Almula Merter Churm: Kalbimle doğurdum

Londra’da yaşayan oyuncu Almula Merter (51) ile eşi Robert Churm (48) kimsesiz 2 İngiliz kardeşi evlat edindi. Aile olmaktan vazgeçmemek adına savaş veren, çok istediği evlatlarına dualarıyla kavuşan ve “Kalbimle doğurdum” diyen Almula Merter Churm tecrübelerini “Dokuz Ay On Gün” kitabında aktardı.

Erçin DAĞ EYSEN

Londra’da yaşam zor mu kolay mı?

Biz Londra dışında oturuyoruz, haftayı ikiye böldük eşimle. Pazartesi- çarşamba işyerine eşim gidiyor, perşembe- cuma ben. Londra, yaşamak için çekilmez bir yer. Aşırı gürültülü, profili çok karışık. Ama İngiltere’de yaşam kolay mı zor mu dersek, kurallara uyduğun sürece ve tembel değilsen kolay.
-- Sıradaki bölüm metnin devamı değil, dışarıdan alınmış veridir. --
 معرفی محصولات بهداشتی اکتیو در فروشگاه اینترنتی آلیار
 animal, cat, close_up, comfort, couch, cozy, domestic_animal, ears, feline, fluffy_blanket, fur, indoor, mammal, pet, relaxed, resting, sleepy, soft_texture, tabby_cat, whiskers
Londra’dan ülkemiz nasıl görünüyor?

Ülkemiz bir cennet aslında. Benim eşim İngiliz ve hayali emekli olunca Türkiye’de yaşamak. 

Orada ne gibi çalışmalar yapıyorsunuz? 

Prodüksiyon şirketim var. Geçen yıl Türkiye’deki birçok sanatçıyla Londra’da sohbet etkinlikleri yaptım. Bu halkın onları daha iyi tanıması için atılmış bir adımdı. Ayrıca reklam seslendirmelerime devam ediyorum. Haber gazetesinde İngiltere’de yaşayan işadamları, yönetmenler ve sanatçılarla röportaj yapıyorum. Bir de İngiltere’ de göçmenlik hizmetleri almak için deneyimli avukatlarla oluşturduğum bir şirketim var.

İki kardeşi evlat edindiniz. Bu süreçten biraz bahseder misiniz?

2 defa bebek kaybettim. Ağır depresyon geçirdim ve birkaç ay zorlukla yürüdüm. Nefes problemi yaşadım, diyabetin sınırına girdim. Eşim “Bebek meselesi burada bitmiştir, ben seni kaybetmek istemiyorum” dedi. Tam bu sırada televizyonda evlat edinme üzerine bir filme denk geldim. Daha sonra biz niye yapmıyoruz dedik ve süreç başladı. Çok zorlu denemelerden geçtik. Derken bir gün iki kardeş var, düşünür müsünüz diye. O gece öylece kaldık, bir beklerken iki melek olacaktı hayatımızda. Ve üstelik biri bebekti. Sabah uyandığımda cevabım evetti. 

KIZIM TÜRKÇE KONUŞUYOR

Kardeşleri Türk gelenek ve göreneklere göre mi yetiştirecek siniz? 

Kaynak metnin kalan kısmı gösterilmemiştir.